> INFORMATION GIVEN
= Beginning of Section =

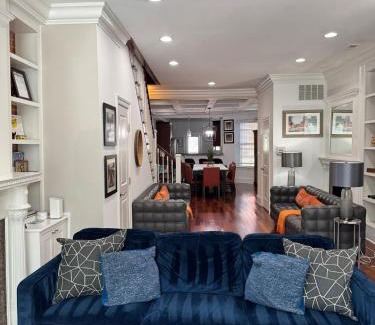 Columbia Heights House | Classy Victorian Brownstone Subway Shopping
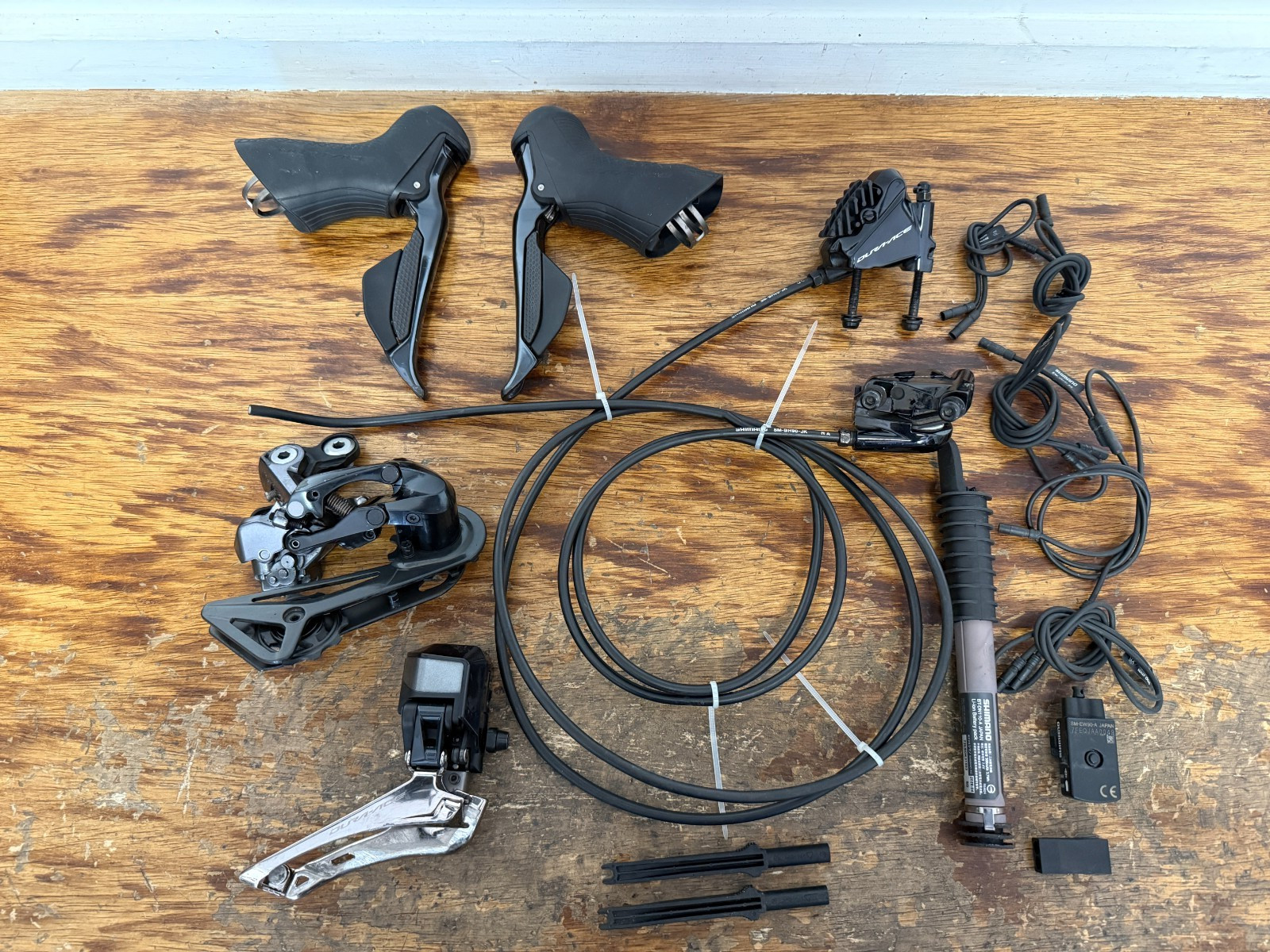 Shimano Dura Ace R9170 Di2 11 Speed Electronic Hydraulic Disc Brake Groupset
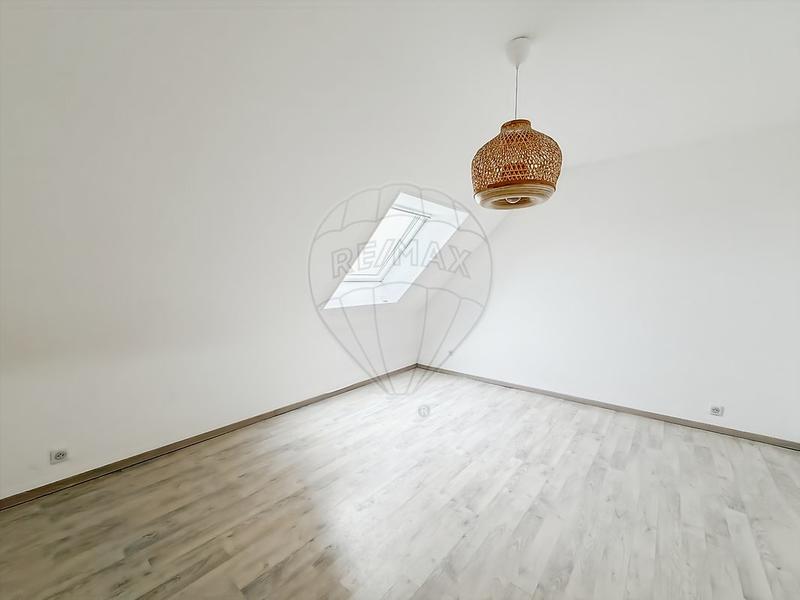 Demeure - 161 m² - 6 pièces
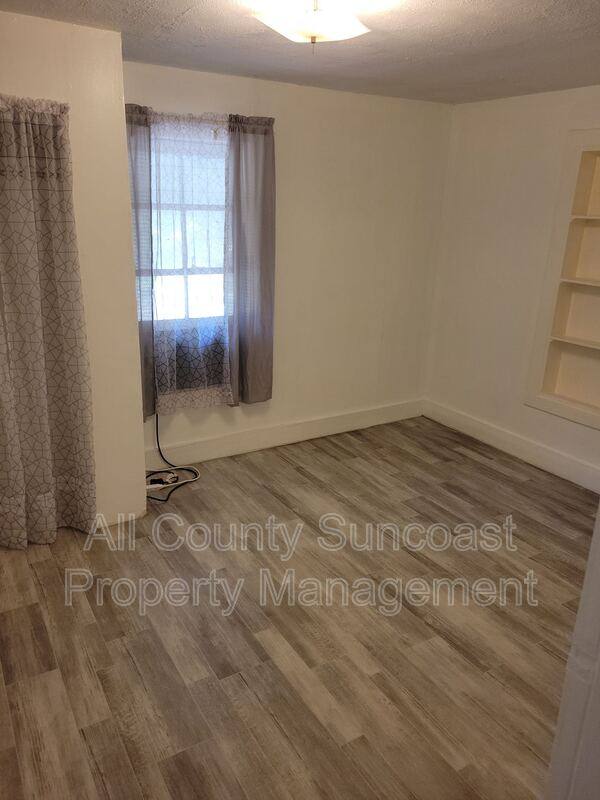 House for rent at 1341 US-Highway 98 W, Perry, FL 32348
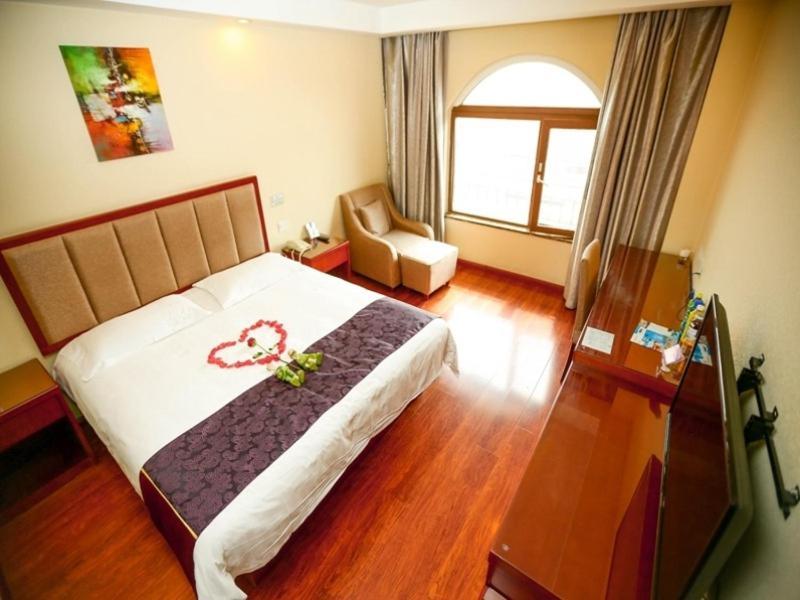 Greentree Inn Shandong Qingdao Wuyishan Road Jiashike Shopping Center Business Hotel المظهر الخارجي الصورة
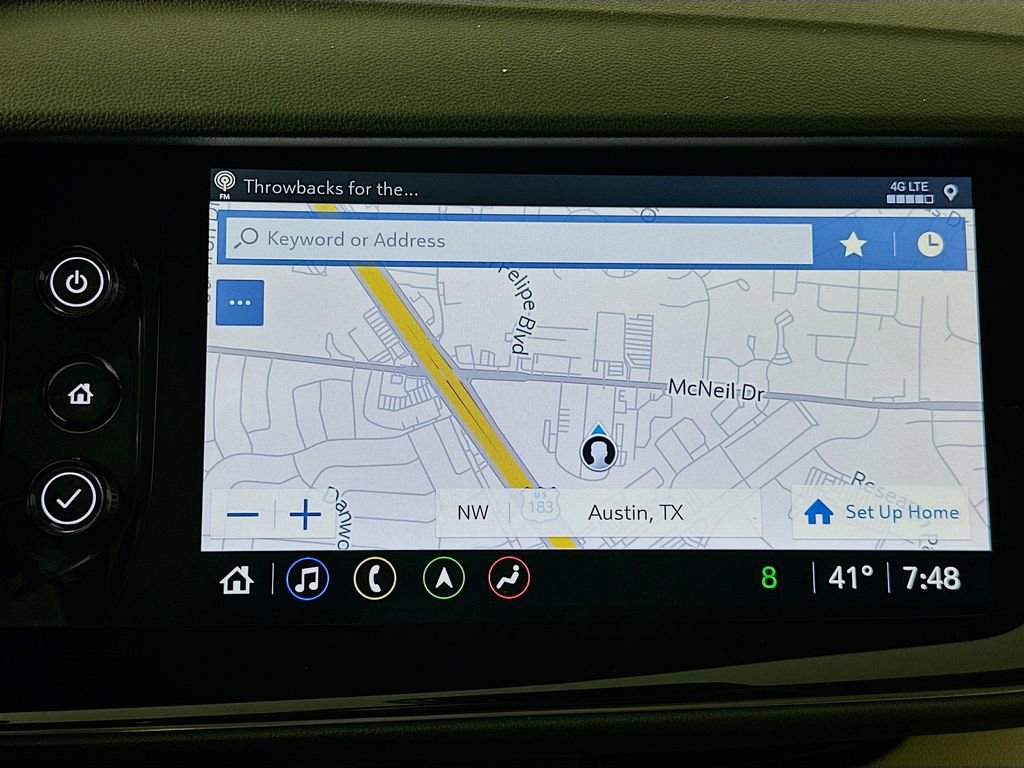 Used 2022 Buick Envision Avenir w/ Technology Package II image 13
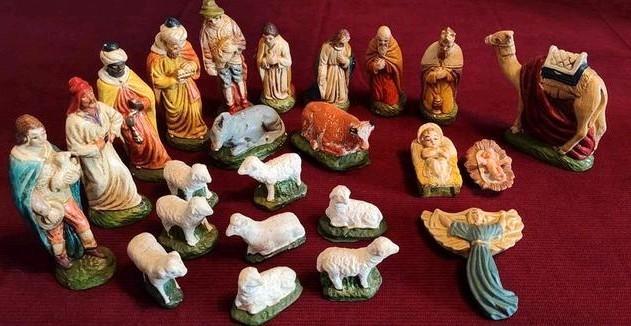 Antieke Kerststal beeldjes, Diversen, Kerst, Gebruikt, Ophalen of Verzenden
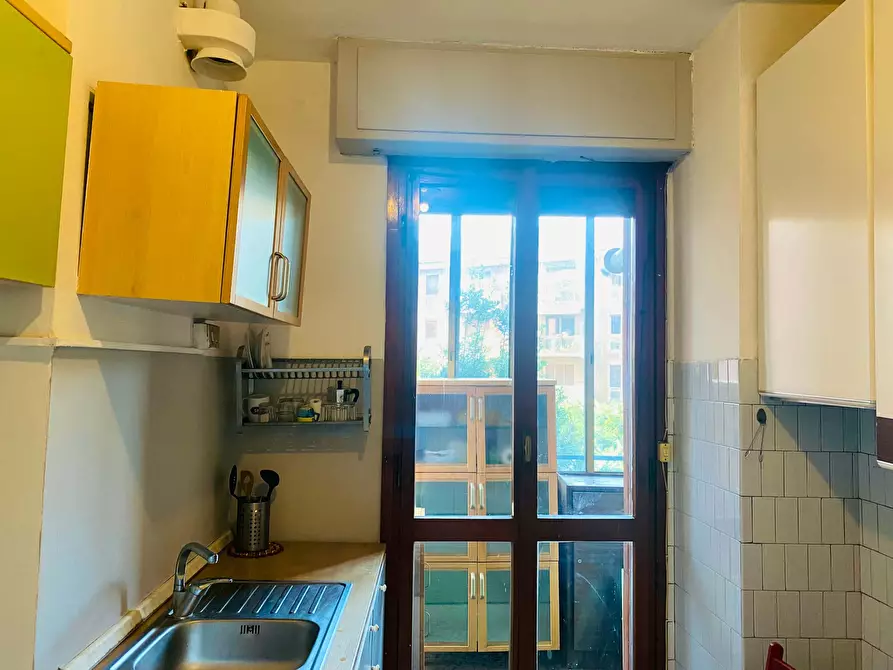 Immagine 14 di Camera in affitto  in Via Ercolano a Milano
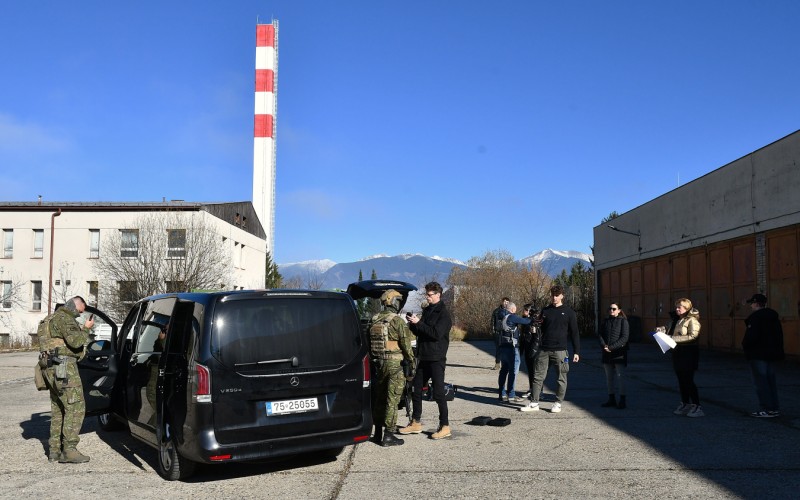 Nakrúcanie televíznej relácie Ľavou zadnou na AOS                    6. 11. 2025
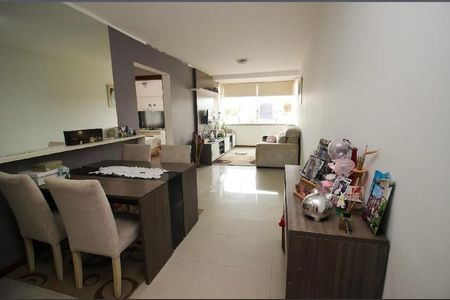 Sala de apartamento para alugar com 2 quartos, 67m² em Camaquã, Porto Alegre
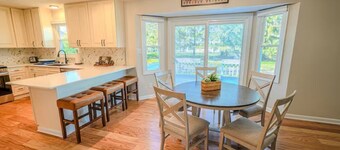 The Westfield Retreat: Minutes to Grand Park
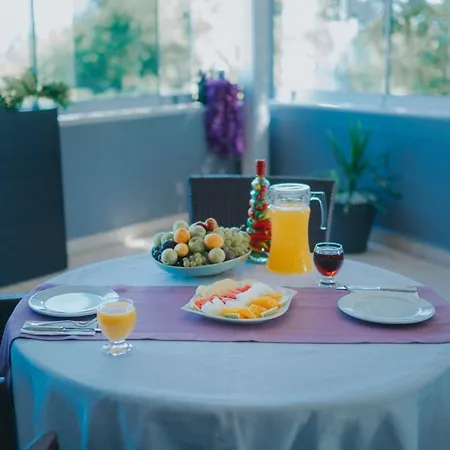 Ener Old Castle Szálloda Darıca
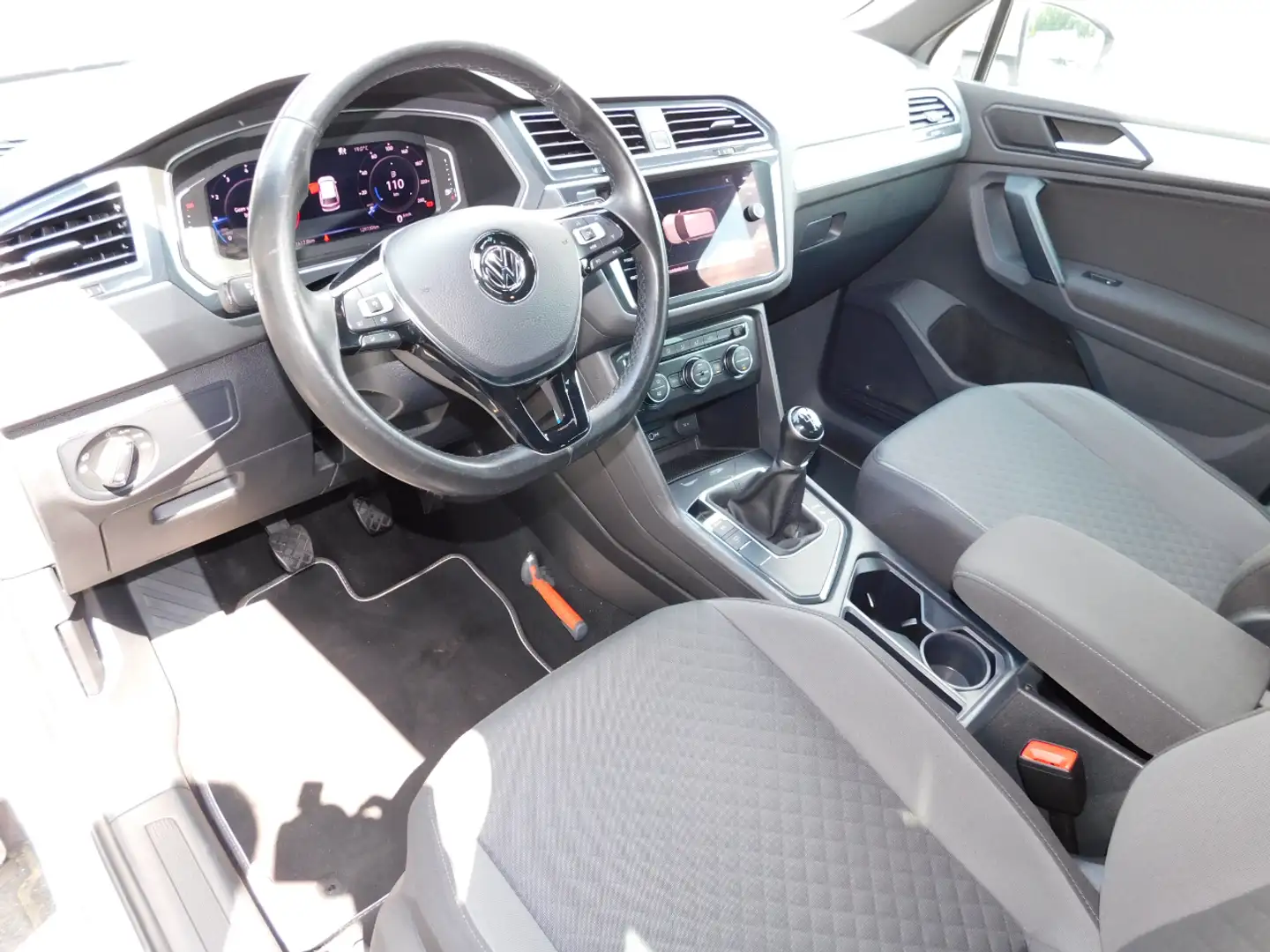 Volkswagen Tiguan 1.5TSI 131PK R-Line! All-in Prijs! Trekhaak! 1e ei Grijs - 2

= End of Section =

> YOUR INSTRUCTIONS
When you copy the records above, keep every word exact but leave out the pictures.

> RESPONSE
 Columbia Heights House | Classy Victorian Brownstone Subway Shopping
 Shimano Dura Ace R9170 Di2 11 Speed Electronic Hydraulic Disc Brake Groupset
 Demeure - 161 m² - 6 pièces
 House for rent at 1341 US-Highway 98 W, Perry, FL 32348
 Greentree Inn Shandong Qingdao Wuyishan Road Jiashike Shopping Center Business Hotel المظهر الخارجي الصورة
 Used 2022 Buick Envision Avenir w/ Technology Package II image 13
 Antieke Kerststal beeldjes, Diversen, Kerst, Gebruikt, Ophalen of Verzenden
 Immagine 14 di Camera in affitto  in Via Ercolano a Milano
 Nakrúcanie televíznej relácie Ľavou zadnou na AOS                    6. 11. 2025
 Sala de apartamento para alugar com 2 quartos, 67m² em Camaquã, Porto Alegre
 The Westfield Retreat: Minutes to Grand Park
 Ener Old Castle Szálloda Darıca
 Volkswagen Tiguan 1.5TSI 131PK R-Line! All-in Prijs! Trekhaak! 1e ei Grijs - 2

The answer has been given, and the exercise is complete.